I think you answered your own question but I think that forums and books both give their own little flavour so both are good. I work in a library, so I prefer books for well researched facts and forums for opinions and the fun of being social.  Oh yeah, that book looks a little expensive but it's totally worth it as it's got so much in it! I'd agree with Ctharlhie and others that its the best out there.  






> Maybe we should end the conversation here, as like Darkmatters said, we're going a bit off topic. But if you feel like continuing, I'm sure one of us wouldn't mind creating a topic where we can discuss this disagreement of ours more in depth, as it's certainly an interesting discussion ^^



Hey guys, probably polite to start a thread for that topic, but can you share the link I'd like to join in!  :tongue2:

----------


## martydee

Just ordered 'Are You Dreaming?' by Daniel Love. Eighteen bucks for a book is a bit hefty for me, but if I get even one tidbit I can use, it'll be worth it. Stay tuned.  :smiley:

----------


## moonlightress

I have ordered Castaneda, LaBerge and Daniel Love, so it seems I am getting a bit from both the neuroscience and esoteric sides, which suits me fine.  :smiley:

----------


## martydee

I must say Amazon has its s**t together. I ordered 'Are You Dreaming?' yesterday. And it just arrived in my mailbox. Can't wait to delve into it.

----------


## mehrdad

the best ever books in lucid dreaming is:
#1:Exploring-The-World-Of-Lucid-Dreaming(Stephen-Laberge)
#2:Tenzin-Wangyal-Rinpoche-The-Tibetan-Yogas-Of-Dream-And-Sleep
#3:lucid dreaming _ gateway to the inner self(robbert_waggoner)

----------


## spaceexplorer

> the best ever books in lucid dreaming is:
> #1:Exploring-The-World-Of-Lucid-Dreaming(Stephen-Laberge)
> #2:Tenzin-Wangyal-Rinpoche-The-Tibetan-Yogas-Of-Dream-And-Sleep
> #3:lucid dreaming _ gateway to the inner self(robbert_waggoner)




I've got to disagree with your 3rd choice - Robert Waggoners book is pretty poor, it's all "you can see the future in dreams" and "hold this crystal between your buttocks and you'll have superpowers" OK, maybe not that second one, but the whole book is more new age and filled with nonsense than the crystals hanging from a burnt out hippies rainbow underpants. It's actually one of the few books on lucid dreams that made me want to throw it away. 

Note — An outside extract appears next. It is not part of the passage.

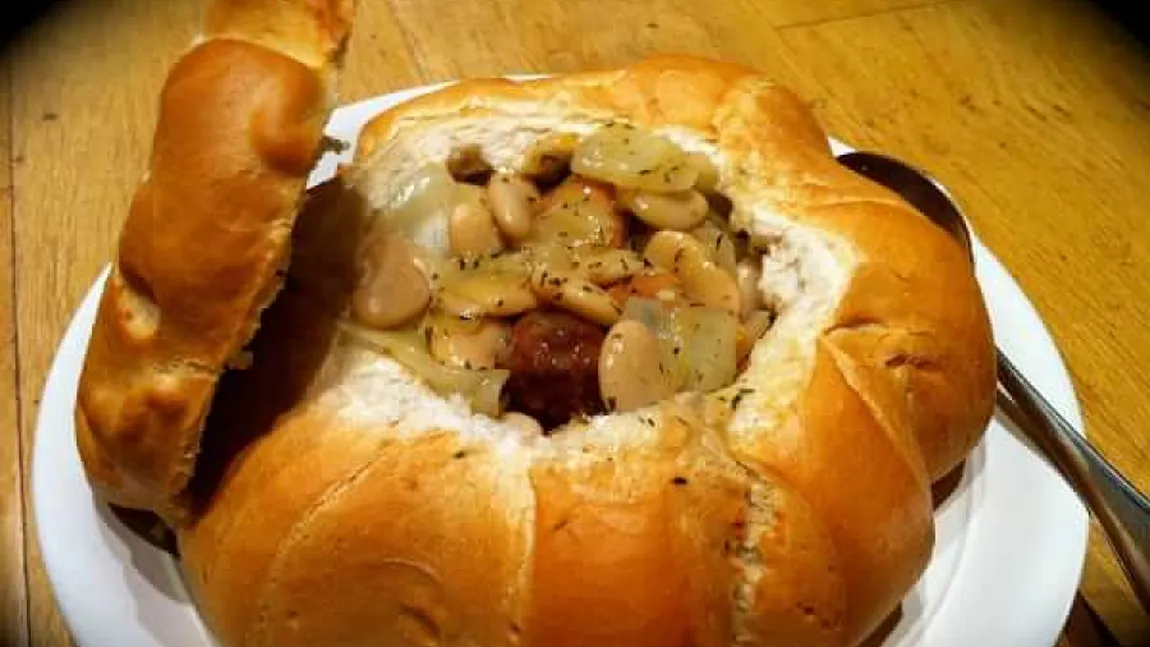 Ciorbă de fasole cu afumatură în castron de pâine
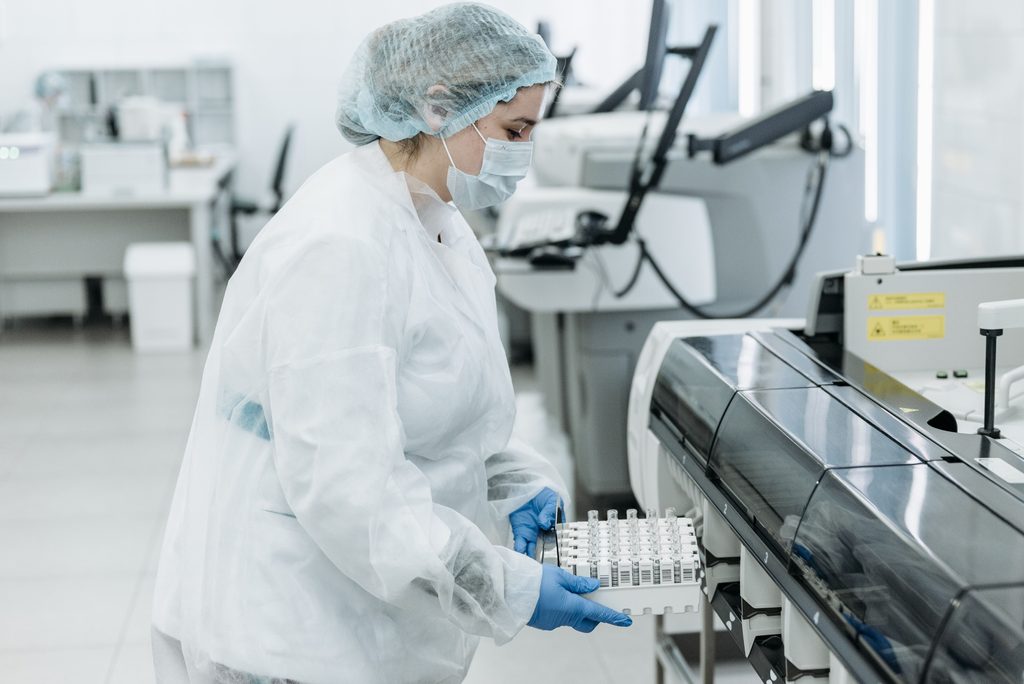 Testarea pe animale pentru medicamente ar putea fi înlocuită treptat. Ce alternative vor autoritățile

I agree that your first choice belongs in there, that's kind of obvious. The 2nd choice... I guess _MAYBE_ if you want to learn Tibetan dream yoga, but I've never seen why lucid dreaming always has to be sold as some kind of spiritual thing. Probably less of that would be better you know?  Yeah it can be used that way but it seems like people just buy into this stuff without really giving it any thought. OK Tibetan Buddhists _may_ have known about lucid dreaming, but they also believe in demons.  I'm sick of people looking at me like I'm an idiot when I talk about lucid dreaming and mostly it's cause they've seen books like Waggoners and think that we're all a bit stupid and gullible.  I'll stick with the more modern and scientific books myself, I kinda like living in the 21st century where we understand a lot more about our brains and how things work.

----------


## dutchraptor

> I've got to disagree with your 3rd choice - Robert Waggoners book is pretty poor, it's all "you can see the future in dreams" and "hold this crystal between your buttocks and you'll have superpowers" OK, maybe not that second one, but the whole book is more new age and filled with nonsense than the crystals hanging from a burnt out hippies rainbow underpants. It's actually one of the few books on lucid dreams that made me want to throw it away. 
> 
> I agree that your first choice belongs in there, that's kind of obvious. The 2nd choice... I guess _MAYBE_ if you want to learn Tibetan dream yoga, but I've never seen why lucid dreaming always has to be sold as some kind of spiritual thing. Probably less of that would be better you know?  Yeah it can be used that way but it seems like people just buy into this stuff without really giving it any thought. OK Tibetan Buddhists _may_ have known about lucid dreaming, but they also believe in demons.  I'm sick of people looking at me like I'm an idiot when I talk about lucid dreaming and mostly it's cause they've seen books like Waggoners and think that we're all a bit stupid and gullible.  I'll stick with the more modern and scientific books myself, I kinda like living in the 21st century where we understand a lot more about our brains and how things work.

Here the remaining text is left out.